O Núcleo de Opinião Pública, Pesquisas e Estudos da Fundação Perseu Abramo (NOPPE/FPA) publicou no site da FPA o relatório de um estudo de cultura política intitulada “Percepções e Valores da Sociedade Brasileira Não-Polarizada” [clique aqui para acessar].

 

Produzida no final de 2021 pela equipe do NOPPE, em parceria com os professores da Fundação Escola de Sociologia e Política (FESP/SP) Isabela Kalil e William Nozaki, o estudo traça um quadro amplo e detalhado a respeito da formação, valores, visões de mundo e cultura política de parcelas da população de baixa e média renda com posicionamento político não polarizado.

Foram feitas 64 entrevistas em profundidade com duração média de duas horas cada.
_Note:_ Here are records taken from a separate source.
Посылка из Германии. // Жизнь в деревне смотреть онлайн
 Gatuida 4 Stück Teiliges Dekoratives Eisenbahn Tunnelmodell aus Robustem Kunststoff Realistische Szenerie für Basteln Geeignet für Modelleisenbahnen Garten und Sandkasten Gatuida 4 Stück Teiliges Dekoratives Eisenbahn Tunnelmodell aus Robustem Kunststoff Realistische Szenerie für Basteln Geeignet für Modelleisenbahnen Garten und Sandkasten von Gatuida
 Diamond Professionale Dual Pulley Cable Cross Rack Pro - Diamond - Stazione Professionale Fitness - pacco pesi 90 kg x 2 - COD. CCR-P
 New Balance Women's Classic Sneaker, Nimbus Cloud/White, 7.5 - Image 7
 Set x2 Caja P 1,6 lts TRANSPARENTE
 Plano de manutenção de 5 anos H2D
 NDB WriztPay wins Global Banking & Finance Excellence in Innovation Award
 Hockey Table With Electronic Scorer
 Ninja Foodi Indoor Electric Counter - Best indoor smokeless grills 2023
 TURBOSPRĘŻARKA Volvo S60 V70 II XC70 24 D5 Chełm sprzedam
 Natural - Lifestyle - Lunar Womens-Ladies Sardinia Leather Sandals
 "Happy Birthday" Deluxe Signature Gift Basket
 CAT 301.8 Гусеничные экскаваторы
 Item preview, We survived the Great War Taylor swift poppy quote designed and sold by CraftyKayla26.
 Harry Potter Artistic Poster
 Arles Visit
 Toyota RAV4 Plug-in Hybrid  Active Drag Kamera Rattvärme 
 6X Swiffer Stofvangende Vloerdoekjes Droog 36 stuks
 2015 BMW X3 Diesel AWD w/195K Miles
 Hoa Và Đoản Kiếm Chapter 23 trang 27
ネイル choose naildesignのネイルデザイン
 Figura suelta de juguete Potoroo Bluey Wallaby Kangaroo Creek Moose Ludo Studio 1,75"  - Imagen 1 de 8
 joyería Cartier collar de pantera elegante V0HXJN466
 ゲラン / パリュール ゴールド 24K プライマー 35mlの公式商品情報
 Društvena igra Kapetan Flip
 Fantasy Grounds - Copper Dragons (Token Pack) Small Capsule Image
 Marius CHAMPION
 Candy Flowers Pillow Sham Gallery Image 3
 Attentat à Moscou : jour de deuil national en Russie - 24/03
No roteiro, perguntas que giravam em torno da trajetória de vida, lugar na sociedade de classes, valores, percepções sobre política, democracia, o Estado e a crise que assola o país.

A amostra contou com homens e mulheres economicamente ativos das cinco regiões do país, moradores de capitais ou cidades do interior, segmentados por idade (18 a 25 anos, 36 a 50 anos), renda (até 2 salários mínimos e de 2 a 5 salários mínimos) e raça (negros e brancos), com perfil atitudinal não polarizado, a partir dos critérios utilizados em “sentimentos em relação ao PT” pelo instituto Vox Populi em 2019.

Resultados

O estudo identificou um perfil heterogêneo na camada da população pesquisada, com diversas possibilidades de combinações entre posições progressistas e conservadoras. No campo dos valores, esse público não demonstra comprometimento com nenhum “lado ideológico”. Posicionamentos ora identificados como progressistas, ora como conservadores, coexistem no mesmo indivíduo.

Não foi encontrada uma tendência anti-política ou um baixo interesse em política. A maior parte da amostra apresentou opiniões contundentes em relação aos temas abordados e bastante disposição em comparecer às urnas em outubro. A democracia é, para esta parcela da população, um valor importante – ainda que haja certa flexibilidade no julgamento de certos instrumentos autoritários de imposição da ordem.

Entre jovens e mulheres, segmentos que agrupam os maiores índices de resistência a Bolsonaro, tende a haver uma identificação maior com valores mais próximos ao lulismo. Jovens mostram maior adesão à pauta dos direitos civis e liberdades individuais, tipicamente progressista. Mulheres tendem a aderir com mais força a valores solidários e coletivos. Quando perguntadas sobre o valor que querem deixar para as próximas gerações, por exemplo, é mais frequente entre mulheres respostas que caminham no sentido de “empatia”, “respeito ao próximo”, “amor pelos outros” etc.

Por outro lado, segue sendo sobre o corpo das mulheres que se organiza importante expressão do conservadorismo. Na amostra, é alta a rejeição à legalização do aborto e ainda é atribuído às mulheres o dever dos serviços domésticos – mesmo que haja um entendimento de que o homem deve ajudar. Ainda que haja entre entrevistados um entendimento de que existem formas de preconceito racial e de gênero, nem sempre há endosso a políticas afirmativas. Com relação aos direitos LGBTQIA+ foi notada uma recepção bastante positiva e uma rejeição quase nula ao direito de amar e existir.

A amostra demonstrou valorizar o Estado e as políticas públicas também no que concerne à redução das desigualdades do país, ainda que tenham críticas à gestão da coisa pública e, principalmente, aos gestores. As críticas à administração pública passam mais por um viés de condenar um desvio moral individual do que por um foco mais institucional, ou seja, para as pessoas entrevistadas, não é o sistema político que é corrupto e ineficiente, mas os parlamentares, funcionários públicos, gestores que não trabalham para o povo. Da mesma maneira, não é a instituição da Polícia Militar que é vista como violenta e corrupta, mas alguns policiais que apresentam algum desvio moral.

Fortemente alinhados ao valor do trabalho e convictos da necessidade de batalhar para vencer na vida, os entrevistados tendem a ver o Brasil como um país de muitas riquezas naturais, culturais e povo forte e acolhedor, mas conduzido por uma elite que se beneficia de sua condição de poder e por uma classe política corrompida e comprometida apenas com seus interesses, o que torna a vida do brasileiro ainda mais difícil – e a necessidade de batalhar, incontornável. Aqui, “trabalhador” é visto mais como um atributo ou marca de valor do povo que como lugar ocupa na sociedade de classes.

Diante de adversidades, entendem ser preciso força e resiliência para alcançar seus objetivos, que envolvem não muito mais do que obter estabilidade financeira, conforto material, bom padrão de vida para si e os seus, o que significa acesso a mais e melhores bens e serviços. Neste sentido, é o padrão de consumo (incluindo bens essenciais) que dita a percepção de classe que os entrevistados têm de si e dos outros.